Try it:
Nothing but the lines from the one with "ціна та характеристики" down to the one with "Картинка с текстом" should be returned, exactly and with both ends included, from the material below.

Excerpted data:
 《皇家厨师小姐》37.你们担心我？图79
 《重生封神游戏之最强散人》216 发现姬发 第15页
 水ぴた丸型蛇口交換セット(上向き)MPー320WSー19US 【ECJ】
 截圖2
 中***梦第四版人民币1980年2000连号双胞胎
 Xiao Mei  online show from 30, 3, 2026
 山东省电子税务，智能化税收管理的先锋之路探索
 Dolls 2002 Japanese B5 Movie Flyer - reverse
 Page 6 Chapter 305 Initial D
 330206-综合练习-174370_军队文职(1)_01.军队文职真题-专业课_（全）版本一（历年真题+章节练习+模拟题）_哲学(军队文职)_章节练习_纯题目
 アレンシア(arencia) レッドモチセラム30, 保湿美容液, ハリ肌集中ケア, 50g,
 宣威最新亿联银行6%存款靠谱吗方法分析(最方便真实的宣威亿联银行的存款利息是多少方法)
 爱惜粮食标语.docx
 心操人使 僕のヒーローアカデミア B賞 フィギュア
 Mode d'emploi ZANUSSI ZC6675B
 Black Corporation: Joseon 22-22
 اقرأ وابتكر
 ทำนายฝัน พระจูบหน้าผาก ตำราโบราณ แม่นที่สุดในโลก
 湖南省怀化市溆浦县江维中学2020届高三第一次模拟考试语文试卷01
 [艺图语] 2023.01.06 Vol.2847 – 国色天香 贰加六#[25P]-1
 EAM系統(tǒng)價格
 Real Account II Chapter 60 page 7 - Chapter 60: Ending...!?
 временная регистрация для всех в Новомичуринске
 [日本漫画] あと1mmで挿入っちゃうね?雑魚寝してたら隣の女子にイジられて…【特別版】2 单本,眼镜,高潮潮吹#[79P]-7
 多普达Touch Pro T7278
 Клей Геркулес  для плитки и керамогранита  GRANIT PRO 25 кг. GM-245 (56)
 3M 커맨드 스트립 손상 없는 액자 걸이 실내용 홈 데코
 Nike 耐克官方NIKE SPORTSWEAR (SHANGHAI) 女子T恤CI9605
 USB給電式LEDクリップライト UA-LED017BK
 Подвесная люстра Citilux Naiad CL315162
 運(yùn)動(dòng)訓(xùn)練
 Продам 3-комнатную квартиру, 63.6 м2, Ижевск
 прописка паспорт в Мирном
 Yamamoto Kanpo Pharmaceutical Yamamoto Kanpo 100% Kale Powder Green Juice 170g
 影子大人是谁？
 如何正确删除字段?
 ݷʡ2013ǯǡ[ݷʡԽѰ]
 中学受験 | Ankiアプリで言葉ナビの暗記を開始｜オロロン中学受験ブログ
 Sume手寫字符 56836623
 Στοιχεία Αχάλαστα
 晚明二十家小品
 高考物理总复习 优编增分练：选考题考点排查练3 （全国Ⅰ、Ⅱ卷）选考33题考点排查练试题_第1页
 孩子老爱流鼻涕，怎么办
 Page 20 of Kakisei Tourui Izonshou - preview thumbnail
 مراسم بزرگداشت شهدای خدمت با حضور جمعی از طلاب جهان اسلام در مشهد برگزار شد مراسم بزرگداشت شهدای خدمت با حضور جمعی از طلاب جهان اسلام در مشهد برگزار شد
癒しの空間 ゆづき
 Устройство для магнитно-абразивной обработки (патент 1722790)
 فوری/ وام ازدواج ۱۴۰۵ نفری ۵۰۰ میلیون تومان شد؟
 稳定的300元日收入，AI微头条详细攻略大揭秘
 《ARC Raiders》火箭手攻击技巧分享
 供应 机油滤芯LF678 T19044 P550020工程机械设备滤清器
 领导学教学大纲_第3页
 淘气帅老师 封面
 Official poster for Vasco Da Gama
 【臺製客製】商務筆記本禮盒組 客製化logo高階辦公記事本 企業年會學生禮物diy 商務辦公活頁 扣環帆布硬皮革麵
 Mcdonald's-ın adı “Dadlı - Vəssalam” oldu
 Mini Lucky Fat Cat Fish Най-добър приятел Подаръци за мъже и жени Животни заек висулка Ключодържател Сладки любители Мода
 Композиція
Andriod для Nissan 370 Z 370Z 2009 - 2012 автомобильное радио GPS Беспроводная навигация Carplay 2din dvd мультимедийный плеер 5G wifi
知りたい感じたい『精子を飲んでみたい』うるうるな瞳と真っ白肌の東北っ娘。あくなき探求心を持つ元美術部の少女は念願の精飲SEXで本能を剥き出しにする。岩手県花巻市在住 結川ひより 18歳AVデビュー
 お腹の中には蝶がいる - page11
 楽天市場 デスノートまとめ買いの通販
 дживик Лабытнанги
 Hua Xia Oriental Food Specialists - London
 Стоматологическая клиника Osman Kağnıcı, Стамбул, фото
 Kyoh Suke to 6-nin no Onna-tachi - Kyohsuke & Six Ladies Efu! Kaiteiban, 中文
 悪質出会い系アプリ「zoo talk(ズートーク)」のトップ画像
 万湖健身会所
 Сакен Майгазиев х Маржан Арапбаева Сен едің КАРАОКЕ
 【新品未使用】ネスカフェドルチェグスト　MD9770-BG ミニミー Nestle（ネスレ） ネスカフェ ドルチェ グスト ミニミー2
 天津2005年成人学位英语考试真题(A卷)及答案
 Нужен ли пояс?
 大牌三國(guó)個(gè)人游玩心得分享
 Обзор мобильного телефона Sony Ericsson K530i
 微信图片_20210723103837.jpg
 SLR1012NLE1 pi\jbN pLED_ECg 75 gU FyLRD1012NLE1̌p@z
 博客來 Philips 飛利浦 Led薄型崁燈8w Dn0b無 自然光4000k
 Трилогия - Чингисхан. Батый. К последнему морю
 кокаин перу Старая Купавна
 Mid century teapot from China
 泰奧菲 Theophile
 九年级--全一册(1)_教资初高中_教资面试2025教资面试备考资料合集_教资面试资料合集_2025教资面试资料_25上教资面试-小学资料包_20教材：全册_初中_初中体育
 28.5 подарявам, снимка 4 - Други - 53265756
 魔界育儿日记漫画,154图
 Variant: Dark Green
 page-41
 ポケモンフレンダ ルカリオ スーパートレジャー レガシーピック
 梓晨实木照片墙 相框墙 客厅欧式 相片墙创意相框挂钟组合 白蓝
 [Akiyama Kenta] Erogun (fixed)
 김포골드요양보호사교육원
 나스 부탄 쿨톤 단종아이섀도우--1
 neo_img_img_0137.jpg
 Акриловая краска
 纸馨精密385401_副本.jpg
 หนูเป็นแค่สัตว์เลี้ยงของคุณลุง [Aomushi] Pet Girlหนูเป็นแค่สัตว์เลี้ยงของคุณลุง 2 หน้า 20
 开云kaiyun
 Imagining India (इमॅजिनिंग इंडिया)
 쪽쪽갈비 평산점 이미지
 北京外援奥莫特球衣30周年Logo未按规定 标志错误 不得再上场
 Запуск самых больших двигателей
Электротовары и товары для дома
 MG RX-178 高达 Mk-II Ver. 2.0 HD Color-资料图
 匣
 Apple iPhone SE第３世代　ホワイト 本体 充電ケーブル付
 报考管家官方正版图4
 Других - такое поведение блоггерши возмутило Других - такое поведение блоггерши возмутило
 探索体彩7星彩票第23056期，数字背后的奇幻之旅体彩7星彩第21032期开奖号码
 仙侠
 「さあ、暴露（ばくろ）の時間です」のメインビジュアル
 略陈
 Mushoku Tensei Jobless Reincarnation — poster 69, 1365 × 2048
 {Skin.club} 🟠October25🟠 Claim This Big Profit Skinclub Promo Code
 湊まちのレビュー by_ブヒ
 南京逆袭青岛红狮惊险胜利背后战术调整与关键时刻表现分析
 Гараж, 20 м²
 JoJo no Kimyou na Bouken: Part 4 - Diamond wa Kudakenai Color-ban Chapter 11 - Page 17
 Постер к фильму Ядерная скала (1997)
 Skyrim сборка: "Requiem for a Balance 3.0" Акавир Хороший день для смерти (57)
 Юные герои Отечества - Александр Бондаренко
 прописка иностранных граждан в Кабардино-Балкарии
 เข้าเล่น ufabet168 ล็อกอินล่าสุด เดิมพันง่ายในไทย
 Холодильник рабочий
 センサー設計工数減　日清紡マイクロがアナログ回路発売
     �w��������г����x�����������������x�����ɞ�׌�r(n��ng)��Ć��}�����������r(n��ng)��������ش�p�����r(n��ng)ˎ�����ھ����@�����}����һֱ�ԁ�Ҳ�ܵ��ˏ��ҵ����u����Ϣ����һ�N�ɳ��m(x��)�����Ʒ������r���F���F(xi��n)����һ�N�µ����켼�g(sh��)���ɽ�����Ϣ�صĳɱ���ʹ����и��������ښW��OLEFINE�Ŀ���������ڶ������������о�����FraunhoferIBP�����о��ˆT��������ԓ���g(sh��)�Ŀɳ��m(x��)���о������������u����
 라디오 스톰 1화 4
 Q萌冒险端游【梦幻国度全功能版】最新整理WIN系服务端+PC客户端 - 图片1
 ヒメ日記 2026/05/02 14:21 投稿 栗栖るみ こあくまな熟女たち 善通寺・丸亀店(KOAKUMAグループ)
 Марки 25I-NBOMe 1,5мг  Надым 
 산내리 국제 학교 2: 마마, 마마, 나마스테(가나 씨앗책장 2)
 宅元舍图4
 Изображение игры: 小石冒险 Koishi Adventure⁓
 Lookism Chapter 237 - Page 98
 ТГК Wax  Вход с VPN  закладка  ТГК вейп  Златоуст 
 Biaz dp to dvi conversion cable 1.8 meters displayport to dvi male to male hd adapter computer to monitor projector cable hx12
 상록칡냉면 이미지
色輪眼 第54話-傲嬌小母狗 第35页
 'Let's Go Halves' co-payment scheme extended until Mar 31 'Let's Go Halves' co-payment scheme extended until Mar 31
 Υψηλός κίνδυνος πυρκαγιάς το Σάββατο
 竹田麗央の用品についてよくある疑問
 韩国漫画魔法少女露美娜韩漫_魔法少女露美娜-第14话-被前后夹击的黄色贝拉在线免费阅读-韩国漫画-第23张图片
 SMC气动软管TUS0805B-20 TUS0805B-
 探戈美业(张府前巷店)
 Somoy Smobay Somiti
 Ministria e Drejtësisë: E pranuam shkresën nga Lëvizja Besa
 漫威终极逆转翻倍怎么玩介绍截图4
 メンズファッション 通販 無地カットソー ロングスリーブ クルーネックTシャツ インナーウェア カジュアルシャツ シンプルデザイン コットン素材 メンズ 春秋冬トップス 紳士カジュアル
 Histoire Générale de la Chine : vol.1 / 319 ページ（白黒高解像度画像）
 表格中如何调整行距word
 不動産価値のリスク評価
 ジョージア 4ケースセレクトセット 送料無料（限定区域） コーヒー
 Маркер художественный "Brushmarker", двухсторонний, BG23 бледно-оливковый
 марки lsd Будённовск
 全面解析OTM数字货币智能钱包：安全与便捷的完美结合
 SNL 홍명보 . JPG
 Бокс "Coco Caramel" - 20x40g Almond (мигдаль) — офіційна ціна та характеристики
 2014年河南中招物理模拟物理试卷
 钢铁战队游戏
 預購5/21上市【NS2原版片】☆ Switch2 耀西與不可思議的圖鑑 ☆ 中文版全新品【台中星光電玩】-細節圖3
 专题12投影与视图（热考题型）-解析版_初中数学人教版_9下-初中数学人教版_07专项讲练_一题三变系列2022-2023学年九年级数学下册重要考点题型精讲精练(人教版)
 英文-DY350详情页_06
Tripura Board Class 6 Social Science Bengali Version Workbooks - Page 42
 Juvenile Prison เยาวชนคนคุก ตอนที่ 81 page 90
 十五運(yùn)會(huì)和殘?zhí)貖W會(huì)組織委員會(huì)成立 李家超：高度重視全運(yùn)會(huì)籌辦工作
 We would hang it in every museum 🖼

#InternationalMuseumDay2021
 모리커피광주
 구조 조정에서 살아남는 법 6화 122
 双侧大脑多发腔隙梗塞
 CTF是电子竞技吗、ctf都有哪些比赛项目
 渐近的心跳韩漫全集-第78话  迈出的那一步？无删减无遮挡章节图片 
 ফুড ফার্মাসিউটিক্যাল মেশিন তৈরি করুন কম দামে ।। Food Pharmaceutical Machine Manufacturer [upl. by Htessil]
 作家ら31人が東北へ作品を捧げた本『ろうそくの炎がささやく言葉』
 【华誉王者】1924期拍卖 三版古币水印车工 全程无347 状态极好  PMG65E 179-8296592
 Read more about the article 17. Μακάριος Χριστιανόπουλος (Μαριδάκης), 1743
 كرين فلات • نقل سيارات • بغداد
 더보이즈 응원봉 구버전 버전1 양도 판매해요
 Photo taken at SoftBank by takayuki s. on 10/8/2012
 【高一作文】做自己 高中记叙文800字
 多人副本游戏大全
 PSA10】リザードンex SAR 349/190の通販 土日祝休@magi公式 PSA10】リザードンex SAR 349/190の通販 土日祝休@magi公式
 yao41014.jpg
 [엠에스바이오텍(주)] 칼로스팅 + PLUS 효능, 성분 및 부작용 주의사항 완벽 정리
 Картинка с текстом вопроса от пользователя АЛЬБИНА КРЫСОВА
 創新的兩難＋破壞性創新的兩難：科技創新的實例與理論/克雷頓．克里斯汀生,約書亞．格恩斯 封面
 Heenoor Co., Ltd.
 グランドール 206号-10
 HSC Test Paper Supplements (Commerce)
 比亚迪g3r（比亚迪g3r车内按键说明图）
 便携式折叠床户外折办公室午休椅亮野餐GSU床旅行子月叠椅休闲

Exercise solution:
 Бокс "Coco Caramel" - 20x40g Almond (мигдаль) — офіційна ціна та характеристики
 2014年河南中招物理模拟物理试卷
 钢铁战队游戏
 預購5/21上市【NS2原版片】☆ Switch2 耀西與不可思議的圖鑑 ☆ 中文版全新品【台中星光電玩】-細節圖3
 专题12投影与视图（热考题型）-解析版_初中数学人教版_9下-初中数学人教版_07专项讲练_一题三变系列2022-2023学年九年级数学下册重要考点题型精讲精练(人教版)
 英文-DY350详情页_06
Tripura Board Class 6 Social Science Bengali Version Workbooks - Page 42
 Juvenile Prison เยาวชนคนคุก ตอนที่ 81 page 90
 十五運(yùn)會(huì)和殘?zhí)貖W會(huì)組織委員會(huì)成立 李家超：高度重視全運(yùn)會(huì)籌辦工作
 We would hang it in every museum 🖼

#InternationalMuseumDay2021
 모리커피광주
 구조 조정에서 살아남는 법 6화 122
 双侧大脑多发腔隙梗塞
 CTF是电子竞技吗、ctf都有哪些比赛项目
 渐近的心跳韩漫全集-第78话  迈出的那一步？无删减无遮挡章节图片 
 ফুড ফার্মাসিউটিক্যাল মেশিন তৈরি করুন কম দামে ।। Food Pharmaceutical Machine Manufacturer [upl. by Htessil]
 作家ら31人が東北へ作品を捧げた本『ろうそくの炎がささやく言葉』
 【华誉王者】1924期拍卖 三版古币水印车工 全程无347 状态极好  PMG65E 179-8296592
 Read more about the article 17. Μακάριος Χριστιανόπουλος (Μαριδάκης), 1743
 كرين فلات • نقل سيارات • بغداد
 더보이즈 응원봉 구버전 버전1 양도 판매해요
 Photo taken at SoftBank by takayuki s. on 10/8/2012
 【高一作文】做自己 高中记叙文800字
 多人副本游戏大全
 PSA10】リザードンex SAR 349/190の通販 土日祝休@magi公式 PSA10】リザードンex SAR 349/190の通販 土日祝休@magi公式
 yao41014.jpg
 [엠에스바이오텍(주)] 칼로스팅 + PLUS 효능, 성분 및 부작용 주의사항 완벽 정리
 Картинка с текстом вопроса от пользователя АЛЬБИНА КРЫСОВА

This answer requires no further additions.